What you will do: Once the line containing "Bolso Retro Estilo" is found in the entries below, reproduce it and every line after it, stopping at and including the line containing "biển quảng cáo"; reproduce nothing else, and keep each line exact.

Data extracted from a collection
BEGIN
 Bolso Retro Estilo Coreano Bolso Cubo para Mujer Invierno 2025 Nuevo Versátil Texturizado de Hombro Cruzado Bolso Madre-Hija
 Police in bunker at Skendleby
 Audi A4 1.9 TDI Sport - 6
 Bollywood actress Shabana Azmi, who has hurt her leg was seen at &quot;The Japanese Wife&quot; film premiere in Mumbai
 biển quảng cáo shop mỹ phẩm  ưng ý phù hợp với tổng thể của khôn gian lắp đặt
END
BEGIN
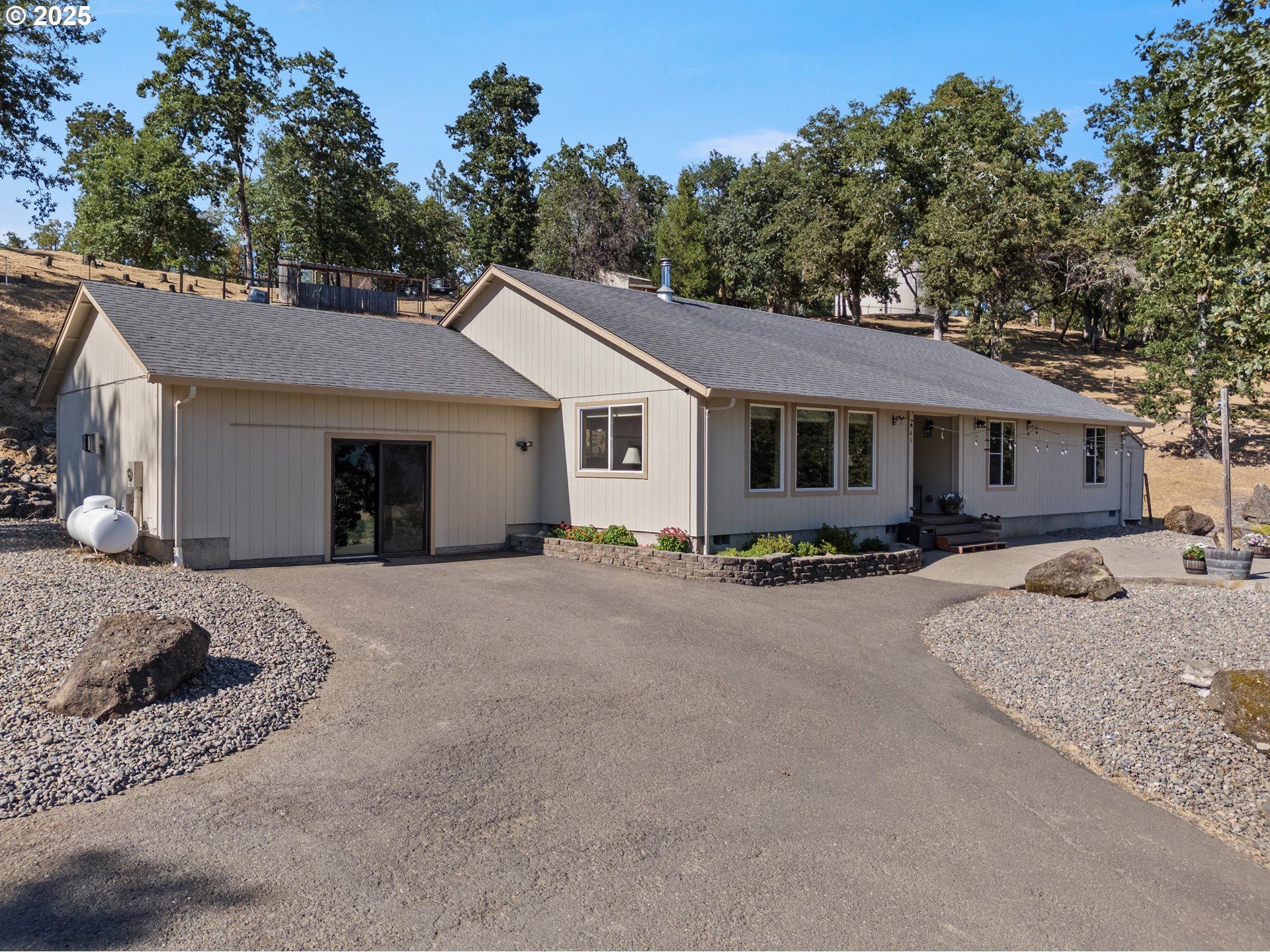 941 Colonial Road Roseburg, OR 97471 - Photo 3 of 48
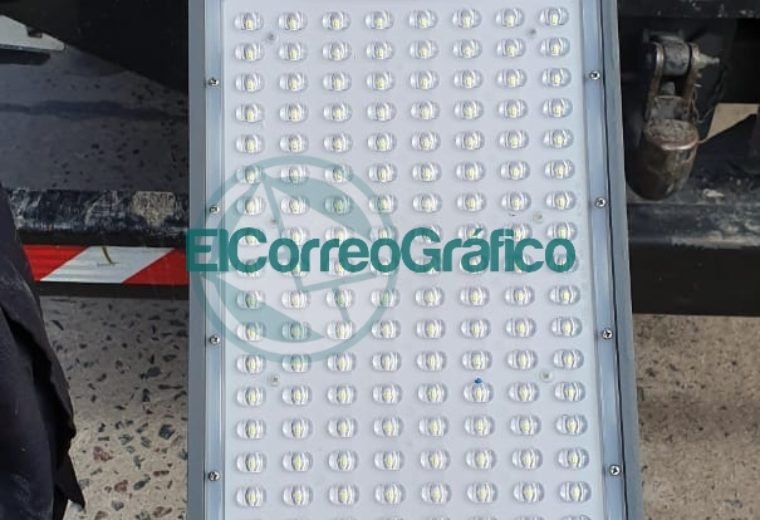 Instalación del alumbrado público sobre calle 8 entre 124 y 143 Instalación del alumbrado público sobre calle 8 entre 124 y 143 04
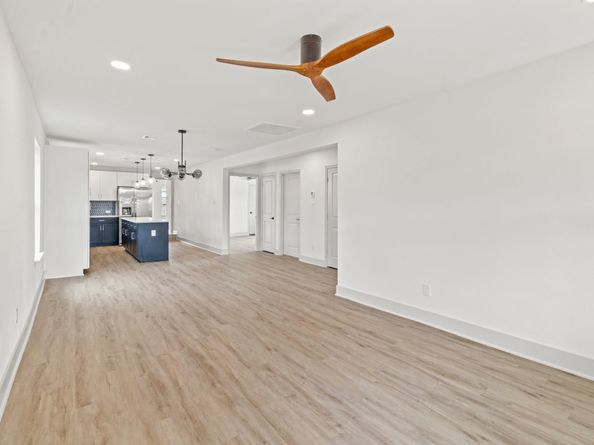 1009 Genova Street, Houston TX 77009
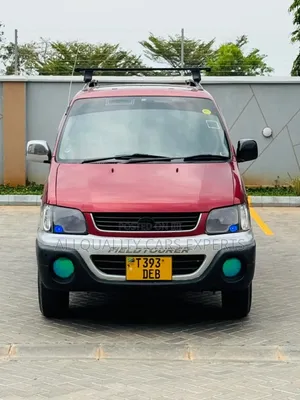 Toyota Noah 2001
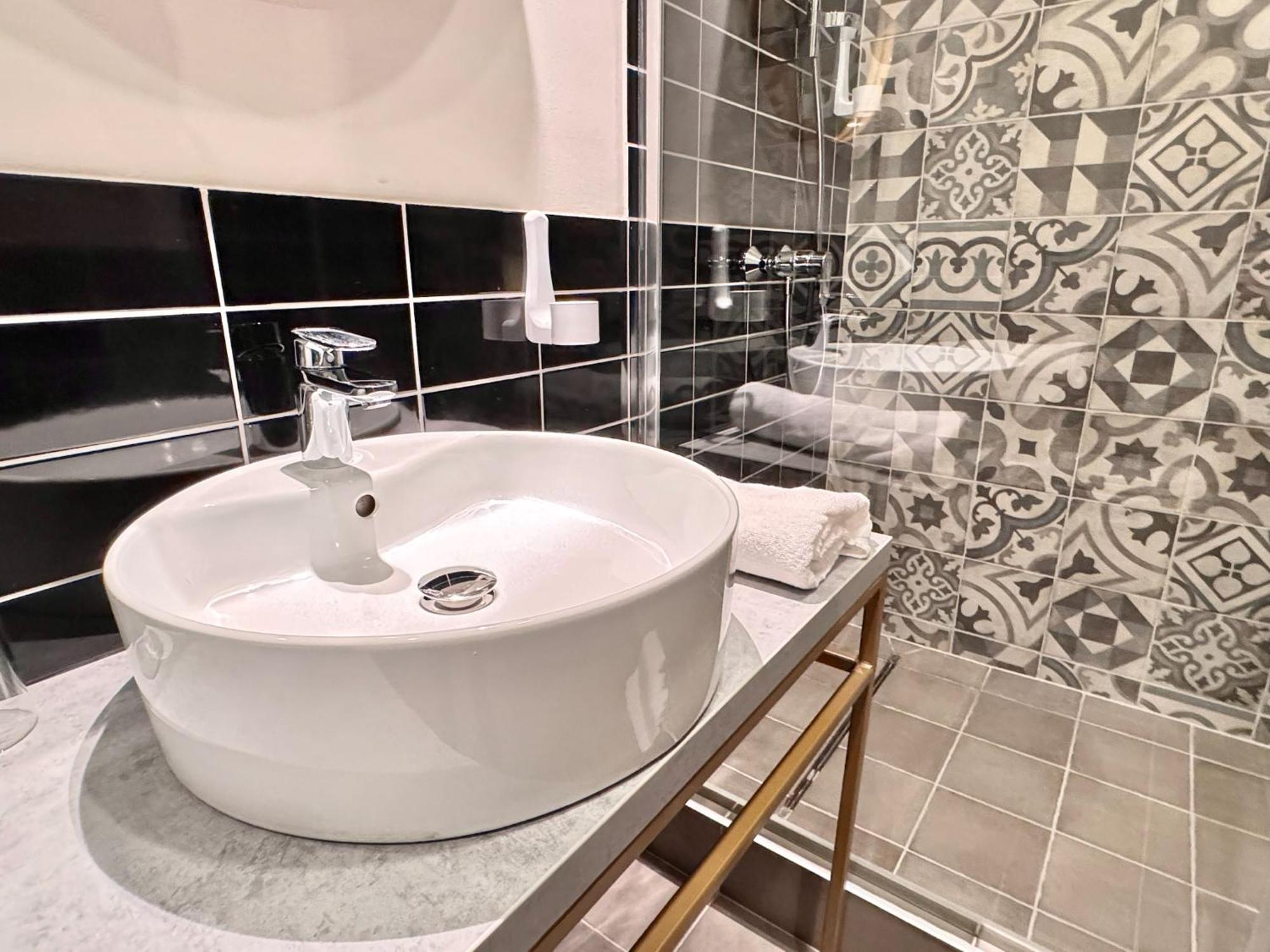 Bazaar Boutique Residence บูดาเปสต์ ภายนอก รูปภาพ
END
Solution:
 Bolso Retro Estilo Coreano Bolso Cubo para Mujer Invierno 2025 Nuevo Versátil Texturizado de Hombro Cruzado Bolso Madre-Hija
 Police in bunker at Skendleby
 Audi A4 1.9 TDI Sport - 6
 Bollywood actress Shabana Azmi, who has hurt her leg was seen at &quot;The Japanese Wife&quot; film premiere in Mumbai
 biển quảng cáo shop mỹ phẩm  ưng ý phù hợp với tổng thể của khôn gian lắp đặt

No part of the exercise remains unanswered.